The Savage 24 is similar to the M6 Scout in that it’s a traditional single shot, break action with the .22 LR barrel riding over the .410, but it has a more traditional design — like a pistol grip and fore-end. In addition, the Savage 24 was also discontinued in 2008 because it got to be too expensive to manufacture.
However, Savage did come out with a similar model called the Savage 42 (huh?). While it has similar features to the Model 24 and would be considered by most to be the resurrection of it, the Model 42 is constructed differently and was designed as a Youth model. It comes standard with a synthetic stock, has a 20-inch barrel and weighs 6.1 pounds. MSRP is $459.
3. Rossi Matched Pair
Rossi is known for no-frills firearms. The matched pair is a perfect example. One stock and action can accommodate different barrels. The .410 is easily exchanged for the .22, effectively making this two distinct guns.
The disadvantage to this is obviously the barrel switching required. In order to use both, you would need to carry one spare barrel.
But Rossi makes a number of different types of these guns in common calibers, too. You can have the pair as a rifle or as a pistol. And they even make one that comes with three barrels – the Rossi Full Sized Muzzle Loader Matched Set comes with barrels for 12 gauge, .22 LR and .50 Muzzle Loader.

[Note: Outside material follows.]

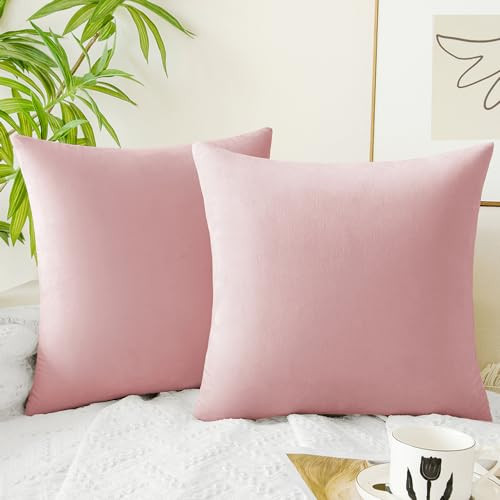 QUORGVES Light Pink Pillow Covers 16x16 Inch Pack of 2 Light Pink Throw Pillows for Couch Living Room Bed Bedroom Soft Velvet Square Throw Pillow Cover 16 x 16 Set of 2 | Amazon (US)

This single-action, break open rifle is made of blued steel and weighs 3.75 pounds. MSRP for the .22/.410 set up runs at $225.
4. US Sporting Goods Baikal MP94 Rimfire
This gun is a bit larger than I’d like for a combo gun, but it is a combo. It is made in Russia and imported by USSG. While I like the concept, and the wide variety of calibers, I’d still go with the smallest offerings.

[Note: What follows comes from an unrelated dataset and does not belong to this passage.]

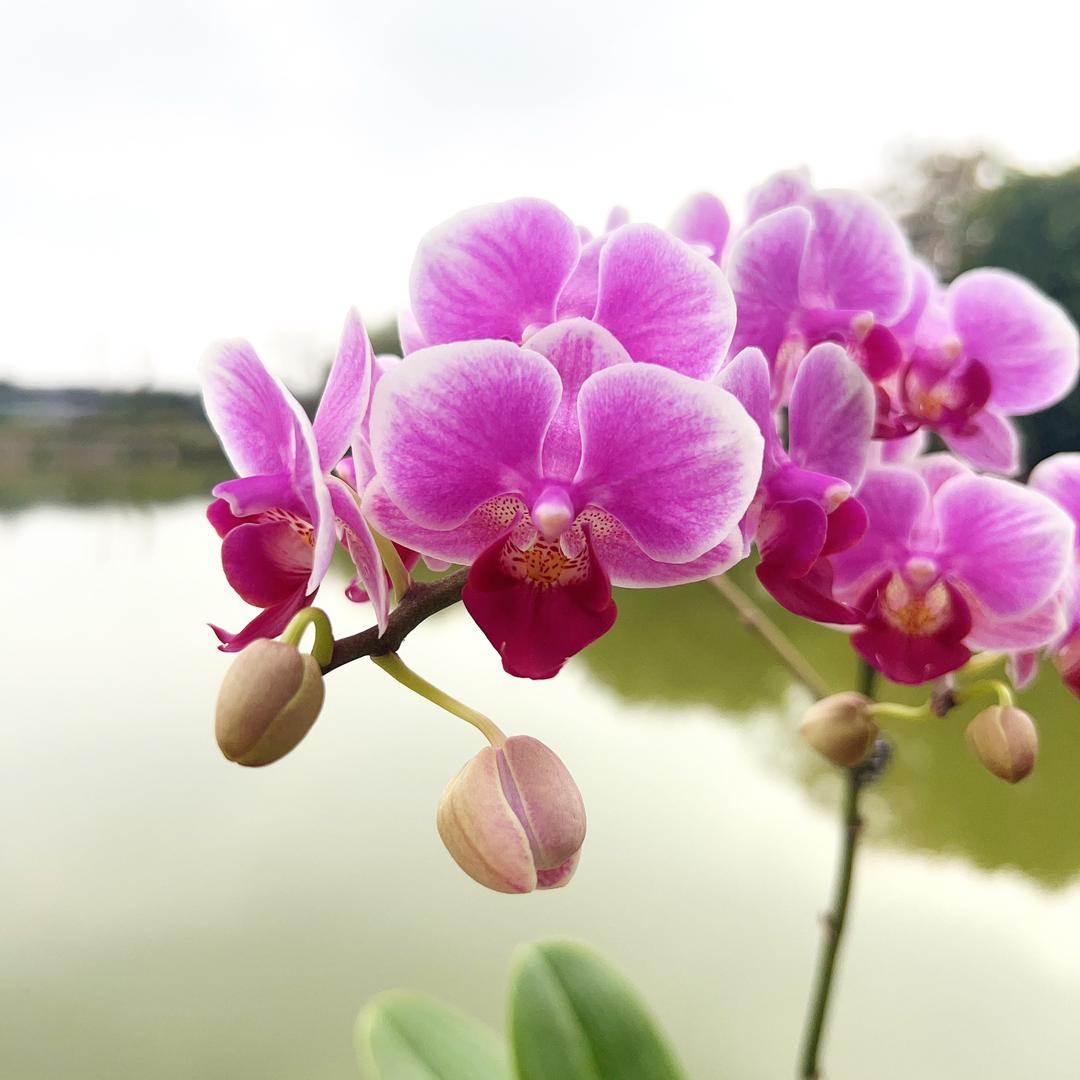 欢喜蝴蝶兰花园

The MP 94 seems more like a one gun solution for most any hunt — birds and grounded animals. The size and weight and the wooden stocks seem more manageable a long weekend.

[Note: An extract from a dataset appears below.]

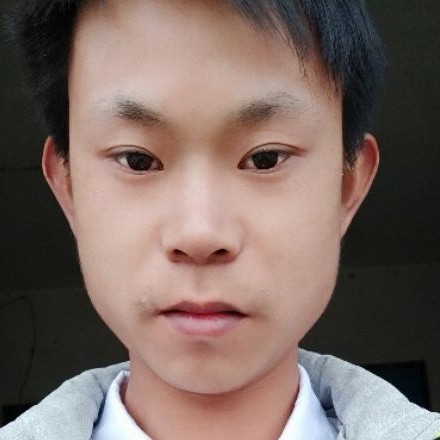 大意愿长颈鹿的照片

Like the M6 Scout or the Savage 24 it’s an over/under, but that’s where the similarities end. It feels a lot like a typical over/under shotgun with a sturdy and attractive design. More often than not the Baikal is found with larger calibers like the .308/12 gauge combo — a set up that has been said to fit the bill for many hunters in the northeast.
This break-action combo has a 19.7-inch barrel putting the overall length at 40.7 inches and weight at 6.1 pounds. They can be found for about $500.
5. Third Generation Marble Game Getter Gun
This one’s for all you hipster preppers who are ready to cash out your 401Ks early. Really – what’s the point? If the end is near, might as grab the most of that money now. The Game Getter will set you back two grand. But it does come in a kitschy box. And we’ll all be starting fires with our leftover money once the zombies come, anyhow.
The Game Getter idea is more than a century old. It looks like something out of a wild-west inspired space comic. But it would be an amazingly useful gun. And I can’t think of a more stylish way to enter into the unknown.
This model – the third gen – is a replica of the original 1908 model, but instead of a 15-inch barrel the standard comes with a 18.5-inch barrel. It weighs next to nothing at 2.25 pounds and has folding sights.
The first and second generations were shorter, so if you want it now it requires a special Any Other Weapon Tax Stamp, which cost five bucks. Not that the zombies will checking stamps.
The perfect combination gun is harder to come by than it should be. The M6 Scout should still be in production. I’m waiting on the Savage. If the new Model 42 lives up to the reputation of the old Model 24, it will top the list for many prepsters.
What combo gun takes your attention?